With all trailers you must visually look for potential leaks regularly. Driving on any roads will break down joints and parts due to the dissimilar materials expansion/contraction, vibrations, twisting, impacts, etc.

On stick buiilts they use the sandwich contruction to give it strength, when it gets moisture between the layers it weakens and they sag ... which accelerates the process.

With a fiberglass trailer single or double it will not corrode or rot and loose it's strength. Might get some mold. With an Escape you can slice the headliner to inspect, reattach, etc. and then use plastic snap buttons or rails to dress up the slice(s). If you go to marine supply sites and check out headliners you will see the same type of product ETI uses and attachment 'systems' to add to your contact adhesive.

There are headliner grade contact adhesives that don't weaken with heat. On our 2014 19' it must have the common contact adhesive that can be softened with heat to remove the layers. On our trailer the forward section is sagging, the rear with the solar panel over it is not. ETI is continuing to change materials and methods so each trailer can be different in subtle or not so subtle ways.

When we had our first 'bad' condensation night I was puzzle why our Scamp had condensation on windows but never on the 'rat fur'. I called Scamp and they said the 'rat fur' or 'carpet' is attached to the cold surface and due to the length of the fibers are less cold and do not present a flat cold surface. They said that they specifically chose the 'rat fur' to minimize condensation on the walls.

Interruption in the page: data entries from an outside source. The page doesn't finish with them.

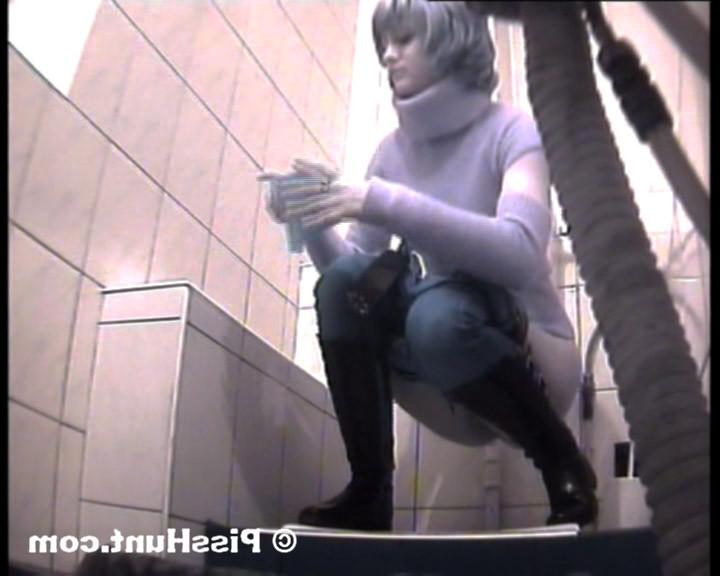 14P Blonde get unlucky to pee in spycammed toilet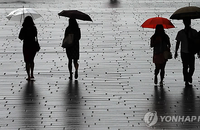 [내일 수요일 날씨] 말복에 비내려서 삼계탕 많이 안 팔리면 어쩌나... 충청, 강원 지역에 비 소식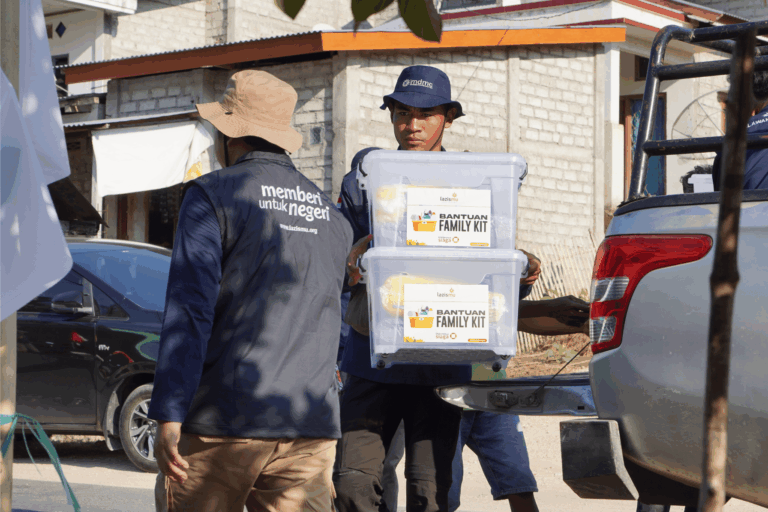 Lazismu kembali menyalurkan 1.400 paket RendangMu untuk penyintas gempa NTT. Bersama EMT Muhammadiyah, ikhtiar kemanusiaan terus berjalan untuk mendukung pemulihan warga.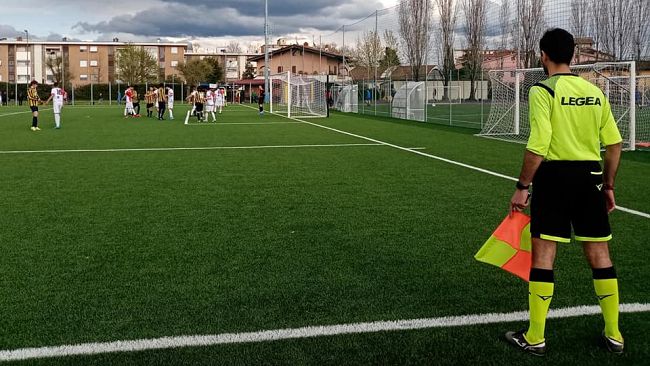 Minuto di silenzio all’inizio di tutte le partite di calcio
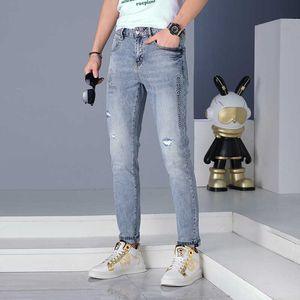 Pantalon occasionnel à la mode européen haut de gamme pour le printemps et l'été 2023 à la mode polyvalente mince jeans de couleur claire distre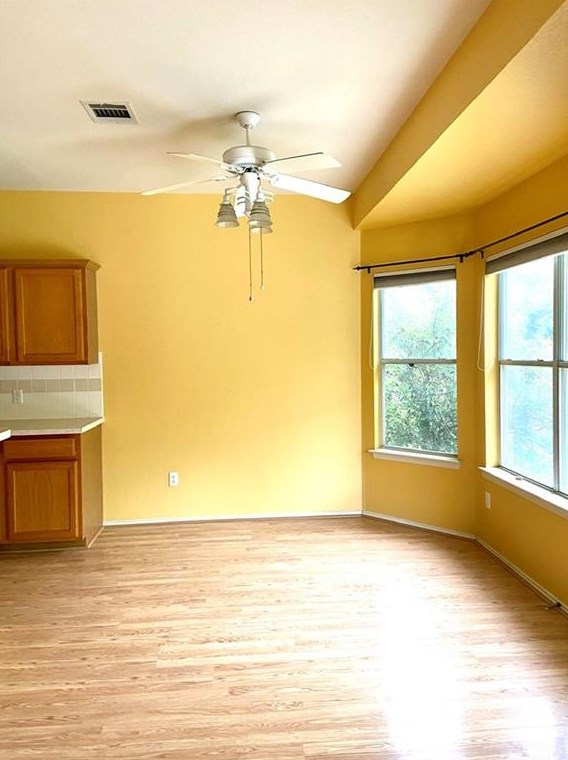 1432 Thibodeaux Dr, Round Rock TX  78664-7224 exterior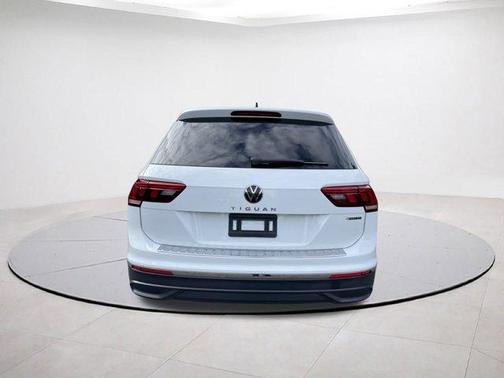 2024 Volkswagen Tiguan 2.0T Wolfsburg Edition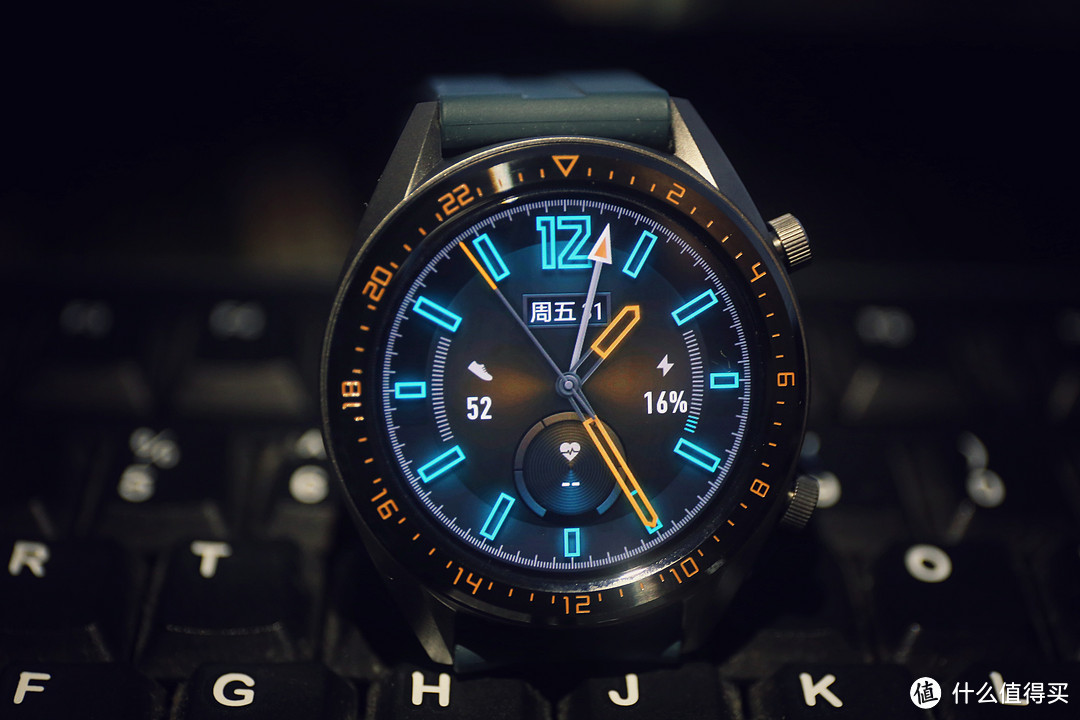 好看？长续航？运动监控？持续心律？息屏显示？？！统统都有 - HUAWEI WATCH GT活力款评测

Air flow definitely helps, but doesn't eliminate condensation on the vinyl. This is especially true in the cabinets and other areas (around the mattress) where the air flow is minimal.

Our solution is keeping the temperature inside the trailer above the dew point. I find low 50's usually does it. The furnace wakes us so I added an electric plate wall heater and a second propane furnace with lower output and quieter cycling.

Every trailer has it's pros and cons. The ETI products are no exception. The 'sales team' on this Forum tries, at times, to make a joke or tell you it's not important. Your questions are will thought out and relevant to all of the owners.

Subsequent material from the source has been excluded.